011208irvinhurt.jpg So. J.C. Romero. As you probably know, the Phillies’ pitcher (who won a pair of World Series games) tested positive twice for a banned substance and is suspended for the first 50 games of next season. Whoops!

There’s a lot here, but fortunately for us the sports media — both those newfangled blogs that convinced Buzz Bissinger the First Amendment should be eliminated and the old sports media that never, ever writes anything wrong or stupid — is sticking to just writing moralistic editorials or angrily questioning why “nobody cares.”

Like a priest’s sermon about low church attendance, complaining about people not caring is easier than actually attempting to convince someone why he or she should care about it. So it’s kind of popular.

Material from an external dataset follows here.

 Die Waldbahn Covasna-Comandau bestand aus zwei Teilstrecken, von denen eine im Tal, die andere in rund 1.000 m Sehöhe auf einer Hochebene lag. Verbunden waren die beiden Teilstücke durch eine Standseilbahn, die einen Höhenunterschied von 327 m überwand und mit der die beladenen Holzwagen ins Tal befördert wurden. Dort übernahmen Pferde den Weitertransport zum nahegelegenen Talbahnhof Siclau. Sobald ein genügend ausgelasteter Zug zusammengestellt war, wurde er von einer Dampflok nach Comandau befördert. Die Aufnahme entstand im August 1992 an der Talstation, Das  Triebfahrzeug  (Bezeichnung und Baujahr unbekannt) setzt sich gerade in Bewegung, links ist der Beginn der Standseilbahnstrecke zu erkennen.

Case in point: Mike Freeman, National Columnist.

In a column about asterisks and morality and whatever else, Freeman manages to write this sentence, which immediately shoots up to #1 on my personal list of most awesomely awesome sentences ever (superb, amazing, incredible, Pulitzer- and Super Bowl MVP-winning sentence in bold):

So, now knowing all of this information, doesn’t the Phillies’ World Series title deserve an asterisk?

Many in the mainstream media are afraid to say this, fearing the wrath of Philadelphia sports fans, but it’s definitely something to consider.

Because if there’s one thing we can say about the mainstream sports media, it’s this: They never, ever say anything bad about Philadelphia sports, lest they anger their fans. Remember when Phillies Nation won the Sports Illustrated Sportsman of the Year award in 2004? And when Eagles fans were inducted into 147 different Halls of Fame — including those for badminton, bass fishing, YouTube video making, marbles (in Wildwood, N.J.), birds, pepper, robots, Constitutional scholarship and Elvis impersonation — just last year?

But congratulations to Mr. Freeman; he has truly earned this honor.

(Aside: The photo’s from the game where Michael Irvin got hurt, Eagles fans cheered, Deion Sanders danced around stupidly — okay, that was every game — and a horrible Eagles team beat Dallas. I think they won. One of my favorite sports conspiracy theories ever is this: Irvin was going to be suspended for cocaine, so he and Jerry Jones conpsired to fake this injury in order to save face for him and the Cowboys. Yeah, that’s pretty awesome, if no doubt completely nonsensical.)

Hello? Anybody care suspended Romero plays for champs? [CBS Sportsline]

  1. Lynn Says: Jan 12 10:08 PM

    This just pisses the shit out of me.